In the listing below, locate the line containing "Diese Aufnahme stammt" and the line containing "Used 2019 Toyota". Output both of them and every line between, exactly as written, and nothing more.

━━━ DATASET ━━━

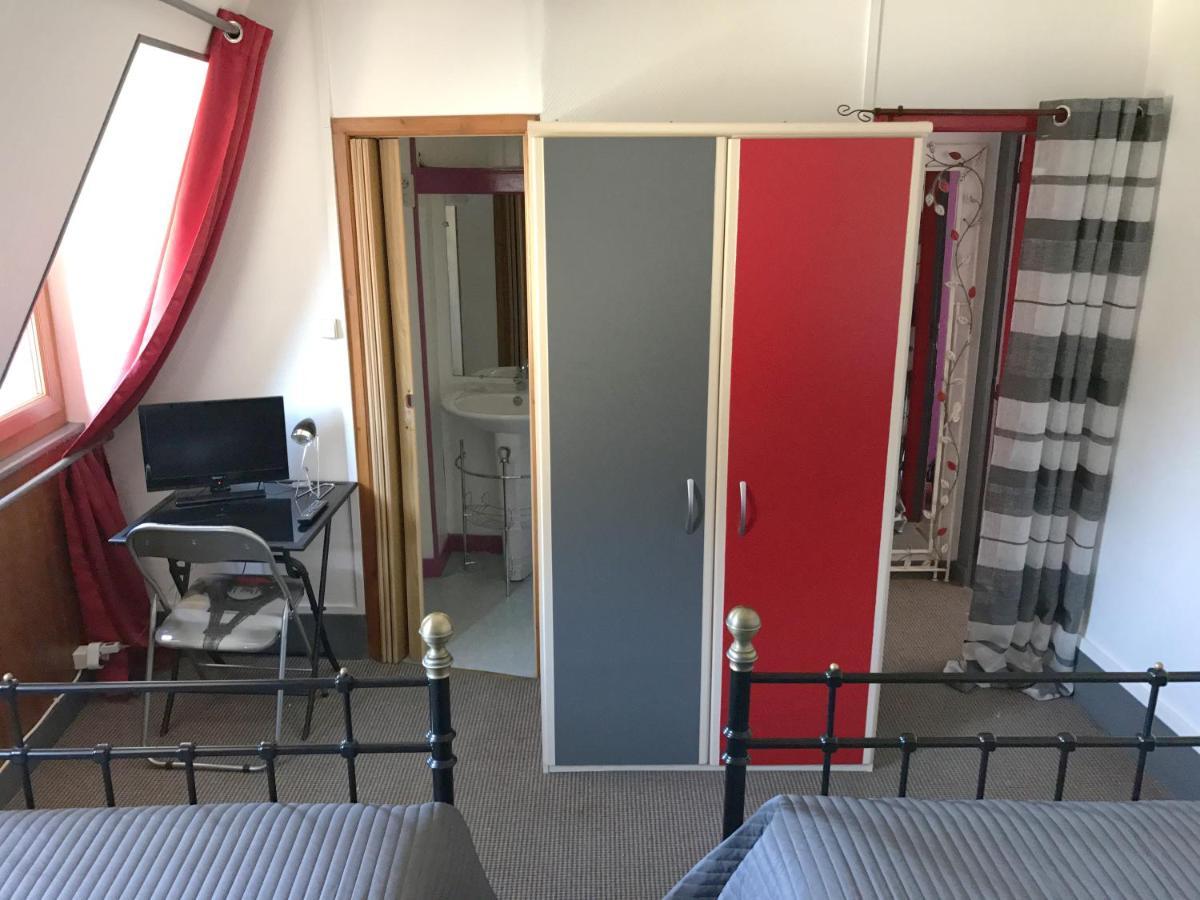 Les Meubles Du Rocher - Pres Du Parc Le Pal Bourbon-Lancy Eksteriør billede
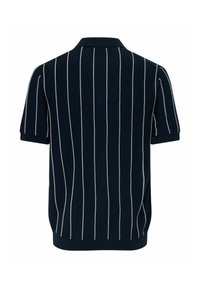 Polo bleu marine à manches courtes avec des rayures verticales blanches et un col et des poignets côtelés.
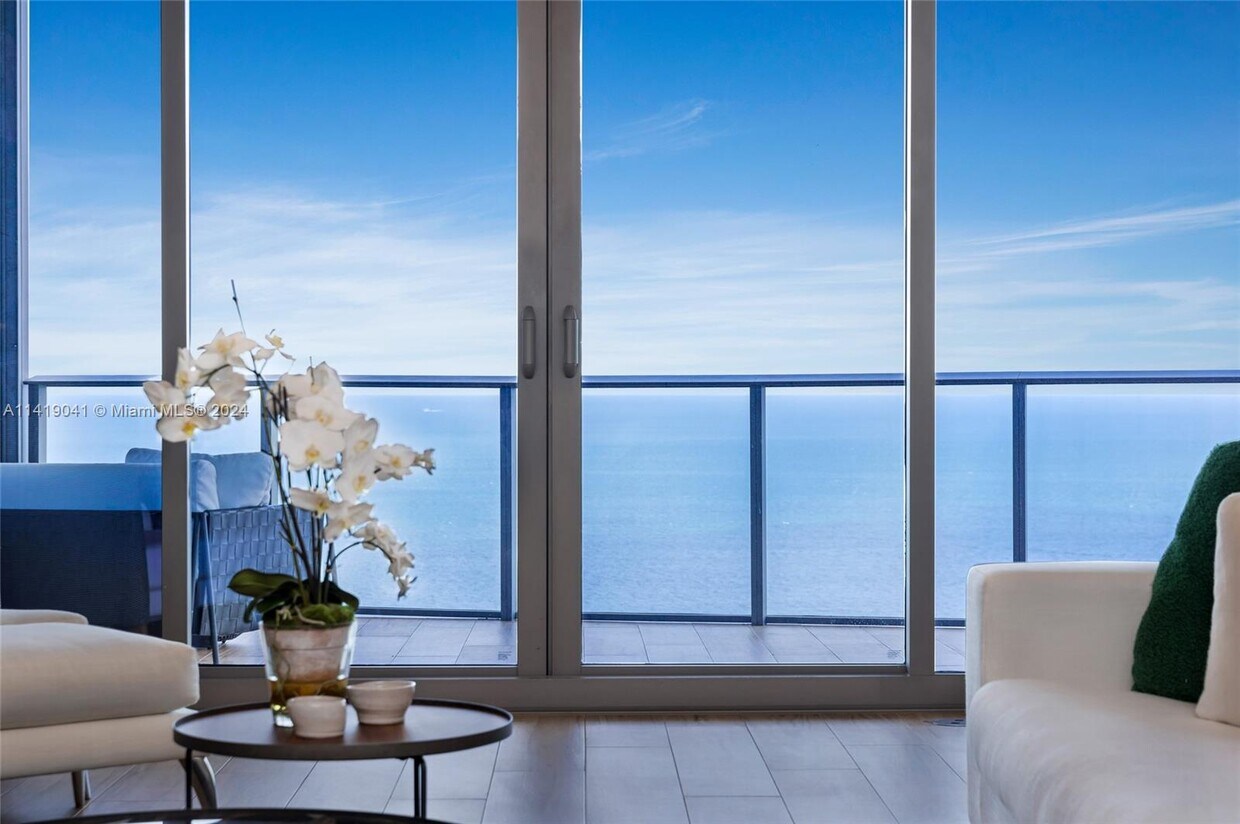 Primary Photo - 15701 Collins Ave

━━━
━━━ DATASET ━━━

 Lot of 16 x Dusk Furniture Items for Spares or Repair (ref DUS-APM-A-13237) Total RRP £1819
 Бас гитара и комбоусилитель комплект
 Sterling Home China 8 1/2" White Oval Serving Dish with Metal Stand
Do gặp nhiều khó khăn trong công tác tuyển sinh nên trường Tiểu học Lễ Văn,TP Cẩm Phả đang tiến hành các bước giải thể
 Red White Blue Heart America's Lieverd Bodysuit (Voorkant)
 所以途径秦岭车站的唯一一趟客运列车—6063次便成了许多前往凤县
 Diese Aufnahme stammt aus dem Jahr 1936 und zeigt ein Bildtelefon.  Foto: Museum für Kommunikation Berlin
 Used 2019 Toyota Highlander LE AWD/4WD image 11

━━━

* [ANSWER TO THIS TASK]:
 Diese Aufnahme stammt aus dem Jahr 1936 und zeigt ein Bildtelefon.  Foto: Museum für Kommunikation Berlin
 Used 2019 Toyota Highlander LE AWD/4WD image 11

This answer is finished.